Taking a aristocratic child to be raised by another family was quite common in order to strengthen inter-house bonds, though even as she tried to validate being plucked out of her family’s duchy when she was a mere three years old, Beks acknowledged that fostering by high nobles and the royal family was incredibly rare.
Rare to the point that it was seen as either an act to ensure loyalty from the lower ranked house or the acquisition of a valuable, promising asset.
The Queen's fostering of her was the latter.
Regardless, her time with the royal family gave her the best, though somewhat strictest, of everything the Kadmus Kingdom had to offer. The best academic tutors, the best etiquette instructors, and access to the best doctors, cleric healers, and medicine available.
There was a great possibility that she would not be alive at that moment if the Queen did not foster her, and for that alone, Beks was grateful.
The Queen stared up at her face that carried little emotion. Beks was like that because of her and they both knew it. The Queen's lips tightened into a wry smile.
“You are a good girl. A smart girl.” She paused for a moment.

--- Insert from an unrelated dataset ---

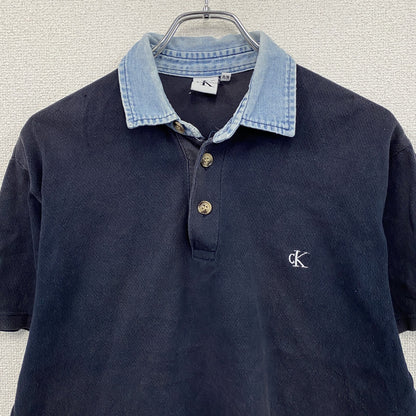 90s～　Colvin Klein Jeans　カルバンクラインジーンズ　半袖ポロシャツ　紺　ネイビー　Mサイズ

The Queen closed her eyes and seemed to focus on breathing so she could speak. She released Beks’ hand from her cold, wrinkled one and pointed to her writing desk across the room. “Under the writing mat, take the key to open the lower left drawer.”
“All right.” Obediently, Beks gave the Queen a nod and rose from her plush, embroidered seat. She crossed the room to the ornate writing desk with the gilded leaf accents. The main surface of the writing desk had a fitted, hard leather mat and writing board on top. The Queen’s initials and seal were embossed with gold leaf into the dark leather.
Beks felt around the edges of the table, where the desk and leather met, and lifted a corner. The key was tucked to one back corner; small and somewhat flat for what it was. There were a few old books on top of it and she wouldn’t have noticed a key was underneath.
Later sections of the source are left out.